Deion, Dabo Prove College Football Is All About Balance
These two take stubbornness to a whole new level.
The universe is all about balance, as the great philosopher Thanos once opined.
It's true when it comes to life, as it is with college football, and no two polar opposites exemplify that idiom better than Clemson head coach Dabo Swinney and Colorado head coach Deion Sanders.
Granted, Swinney and Sanders embody what not to do as college football coaches on either end of the roster-building spectrum, but a lot can be gleaned from each of them.
We will start with Deion, as I have already touched on his failings earlier today.
Sanders is in year three at Colorado, and it's clear that without the superstar tandem of all-purpose standout Travis Hunter and gunslinger son Shedeur Sanders, he doesn't have the same magic he did last season.

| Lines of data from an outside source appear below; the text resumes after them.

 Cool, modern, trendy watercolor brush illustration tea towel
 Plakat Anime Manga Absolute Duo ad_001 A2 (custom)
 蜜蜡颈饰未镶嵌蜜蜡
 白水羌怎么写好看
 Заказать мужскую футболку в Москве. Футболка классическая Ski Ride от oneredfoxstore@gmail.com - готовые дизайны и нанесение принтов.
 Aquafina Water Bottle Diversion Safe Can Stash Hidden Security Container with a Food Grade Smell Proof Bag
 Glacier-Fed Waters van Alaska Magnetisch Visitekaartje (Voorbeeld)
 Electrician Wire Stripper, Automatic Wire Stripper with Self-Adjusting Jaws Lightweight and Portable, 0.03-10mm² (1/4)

Coach Prime built his roster almost entirely through the transfer portal, eschewing traditional high school recruiting in favor of college football's version of free agency.
That lack of stability has come back to bite Sanders and the Buffs, proving they don't have the depth numbers to compete in the upper echelon of college football.

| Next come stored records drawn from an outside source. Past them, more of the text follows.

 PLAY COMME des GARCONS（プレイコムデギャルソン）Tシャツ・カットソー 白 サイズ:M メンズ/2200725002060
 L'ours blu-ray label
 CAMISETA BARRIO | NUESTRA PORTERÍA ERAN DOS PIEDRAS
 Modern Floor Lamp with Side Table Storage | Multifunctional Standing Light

Dabo Swinney represents the opposite extreme, focusing solely on recruiting and almost completely forgoing the transfer portal.
For equal and opposite reasons, it hasn't worked out for Clemson either.

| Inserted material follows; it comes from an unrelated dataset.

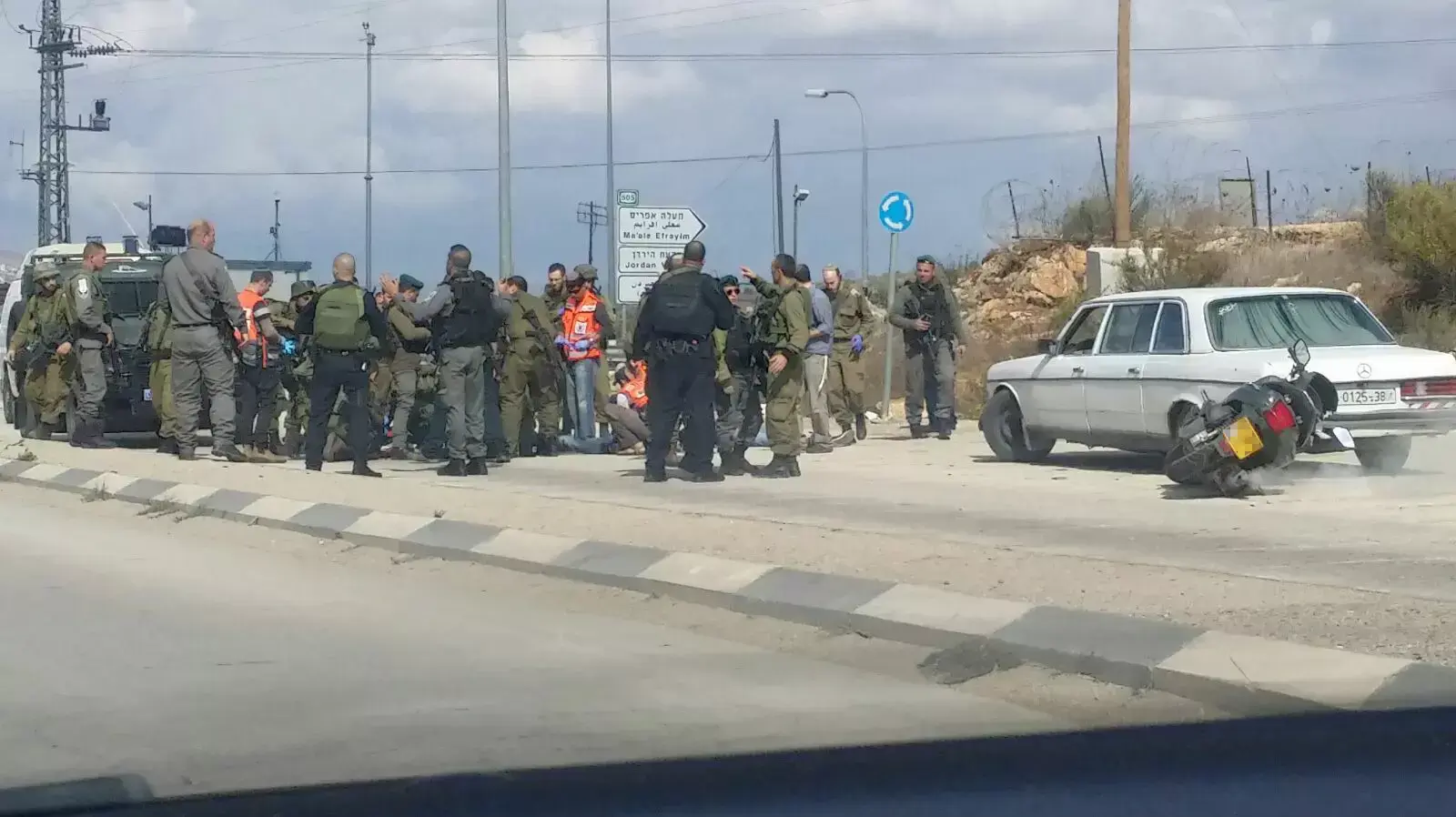 ניסיון פיגוע דקירה בצומת תפוח  30 באוקטובר 2015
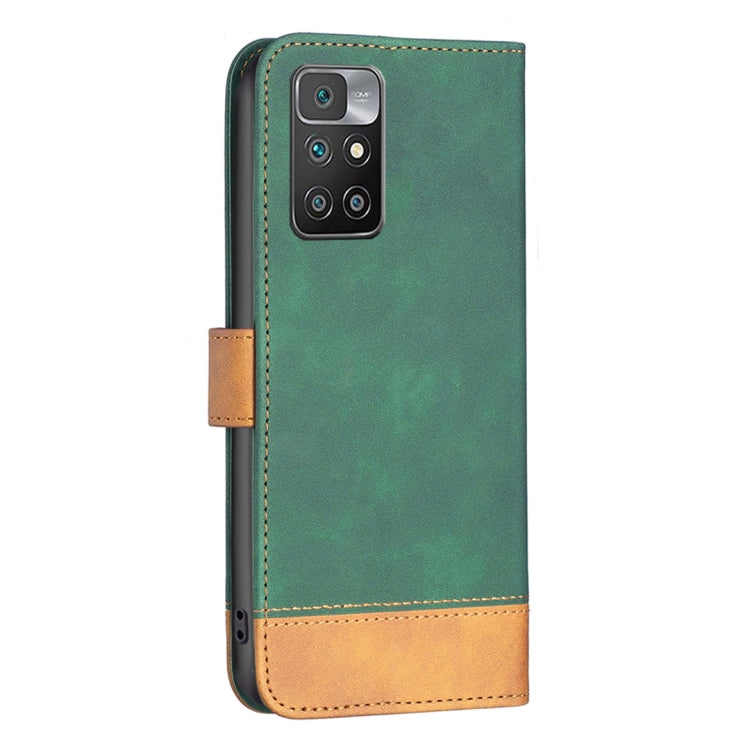For Xiaomi Redmi 10 BF11 Color Matching Skin Feel Leather Phone Case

Without having transfers to plug holes on your roster from a missed evaluation, you leave your team hamstrung during years when you would normally be "a player or two away."
There isn't a right or wrong way to run a college football program, but I keep coming back to our Sesame Street word of the day:
Balance.
Deion and Dabo proved to us that recruiting and the transfer portal are the yin and yang of roster construction: it takes a steady stream of both to build a champion.
I am of the school of thought that says high school recruiting is far more important to building a consistent and stable winner, but that doesn't mean the transfer portal doesn't play an integral role in it as well.
This is a concept that coaches like Dabo and Deion are failing to grasp, and it might be costing their respective programs the success that is currently eluding them.
Some high-end depth couldn't hurt Colorado, and a few superstar transfers certainly would be welcome in Clemson.
We will see if either of these two coaches will have the runway or willingness to adapt, or if their stubbornness will end up sinking them.
If I were a betting man, I'd put my money on the latter.